MESSAGE FROM THE CHAIR
Beyond Individual Empowerment
Collaboration is about working with people, not just as professionals and consumers but, more importantly, as colleagues and partners. Despite all the rhetoric about collaboration, however, leaders in our field often take conflicting views. At the same time that our service systems promote empowerment, independence and self-determination, they are structured in a way to deal with people as resources and assets to be moved around, bought and sold, and combined. In the end, what matters to them is what can be measured. This is not true collaboration. True collaboration means getting beyond individuals: we must allow the people who know best what work must be done to do that work with the blessings of their service providers and professionals. True collaboration means a commitment to move towards a more engaging style of action with others in order to accomplish what is necessary. In true collaboration, human values, many of which cannot be measured, matter most.

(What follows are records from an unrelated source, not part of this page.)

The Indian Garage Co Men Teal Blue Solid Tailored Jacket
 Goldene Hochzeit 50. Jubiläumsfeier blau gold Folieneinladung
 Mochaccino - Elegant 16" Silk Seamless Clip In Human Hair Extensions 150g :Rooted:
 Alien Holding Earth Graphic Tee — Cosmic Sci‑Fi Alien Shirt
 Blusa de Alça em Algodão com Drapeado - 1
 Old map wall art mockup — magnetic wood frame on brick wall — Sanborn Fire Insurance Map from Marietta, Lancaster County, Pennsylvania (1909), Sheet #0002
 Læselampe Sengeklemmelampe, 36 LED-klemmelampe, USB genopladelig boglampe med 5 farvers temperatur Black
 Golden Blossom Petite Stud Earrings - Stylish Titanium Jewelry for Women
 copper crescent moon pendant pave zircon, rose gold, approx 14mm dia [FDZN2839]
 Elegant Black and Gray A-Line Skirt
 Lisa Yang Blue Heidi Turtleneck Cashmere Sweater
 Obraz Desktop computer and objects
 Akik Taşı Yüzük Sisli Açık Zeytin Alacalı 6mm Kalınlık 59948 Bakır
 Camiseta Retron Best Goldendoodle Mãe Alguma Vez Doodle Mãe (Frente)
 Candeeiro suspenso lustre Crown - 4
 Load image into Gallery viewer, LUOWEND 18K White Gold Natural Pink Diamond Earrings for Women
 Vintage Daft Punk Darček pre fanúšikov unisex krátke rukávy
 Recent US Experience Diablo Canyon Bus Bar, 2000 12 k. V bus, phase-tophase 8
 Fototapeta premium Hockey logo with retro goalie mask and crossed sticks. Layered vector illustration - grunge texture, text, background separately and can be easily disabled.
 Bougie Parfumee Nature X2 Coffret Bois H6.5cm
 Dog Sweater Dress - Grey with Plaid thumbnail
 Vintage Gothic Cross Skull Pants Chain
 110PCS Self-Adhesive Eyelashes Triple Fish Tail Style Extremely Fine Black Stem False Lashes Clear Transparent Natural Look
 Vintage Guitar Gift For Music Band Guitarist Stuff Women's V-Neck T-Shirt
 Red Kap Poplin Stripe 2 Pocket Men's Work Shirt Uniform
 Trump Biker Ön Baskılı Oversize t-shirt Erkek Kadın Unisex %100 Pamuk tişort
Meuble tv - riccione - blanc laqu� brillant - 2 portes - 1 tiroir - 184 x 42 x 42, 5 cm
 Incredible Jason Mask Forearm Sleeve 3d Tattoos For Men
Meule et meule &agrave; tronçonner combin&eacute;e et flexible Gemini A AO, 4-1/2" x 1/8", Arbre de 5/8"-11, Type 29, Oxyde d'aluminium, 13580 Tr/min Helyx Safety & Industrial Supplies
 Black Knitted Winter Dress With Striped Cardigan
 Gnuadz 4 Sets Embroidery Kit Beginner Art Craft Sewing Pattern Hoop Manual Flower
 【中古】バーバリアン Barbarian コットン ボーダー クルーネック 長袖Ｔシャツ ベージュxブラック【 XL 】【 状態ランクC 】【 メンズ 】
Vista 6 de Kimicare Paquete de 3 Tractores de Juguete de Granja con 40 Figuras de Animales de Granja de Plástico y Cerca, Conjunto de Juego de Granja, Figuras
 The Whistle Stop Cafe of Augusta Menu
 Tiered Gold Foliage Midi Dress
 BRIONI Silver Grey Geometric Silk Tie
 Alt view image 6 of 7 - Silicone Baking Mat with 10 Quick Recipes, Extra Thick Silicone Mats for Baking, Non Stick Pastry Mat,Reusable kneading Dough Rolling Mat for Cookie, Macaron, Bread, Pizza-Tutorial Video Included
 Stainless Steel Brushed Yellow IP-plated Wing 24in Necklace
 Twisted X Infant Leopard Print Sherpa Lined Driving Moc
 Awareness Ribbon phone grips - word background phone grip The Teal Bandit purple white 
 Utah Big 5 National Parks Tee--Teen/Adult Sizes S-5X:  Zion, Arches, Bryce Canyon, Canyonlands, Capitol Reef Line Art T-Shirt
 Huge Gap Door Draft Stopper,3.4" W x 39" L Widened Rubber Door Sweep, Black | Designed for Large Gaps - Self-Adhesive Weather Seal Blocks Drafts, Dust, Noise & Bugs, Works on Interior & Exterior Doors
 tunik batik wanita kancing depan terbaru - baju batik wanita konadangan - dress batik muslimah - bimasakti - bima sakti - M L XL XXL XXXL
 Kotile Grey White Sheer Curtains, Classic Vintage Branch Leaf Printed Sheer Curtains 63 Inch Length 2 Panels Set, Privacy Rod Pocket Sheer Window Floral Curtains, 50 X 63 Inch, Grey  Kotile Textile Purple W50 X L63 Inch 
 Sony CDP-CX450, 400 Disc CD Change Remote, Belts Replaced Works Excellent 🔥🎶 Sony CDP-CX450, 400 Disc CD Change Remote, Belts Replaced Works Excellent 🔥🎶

In 2002, the CT Council called for a unified disability movement. By 2003, the CT Council was doing its part to support collaboration and partnerships. During 2003, the CT Council funded three coalitions, co-funded three initiatives, supported three initiatives empowering people to influence policy and formed a disability network.
In order to accomplish effective change in 2004, we in the disability rights movement will need to be interdependent rather than independent from each other. We will need to be clear about what we mean when we promote self-advocacy and self-determination, and we will need to take into account the values underlying such choices. While it may seem contradictory, the achievement of self-advocacy and self-determination may not rely solely upon a declaration of independence of the individual. Rather, true empowerment -- of individuals and of the movement -- must be based upon a willingness and determination to collaborate and an admission that we need each otherís strengths in order to prevail.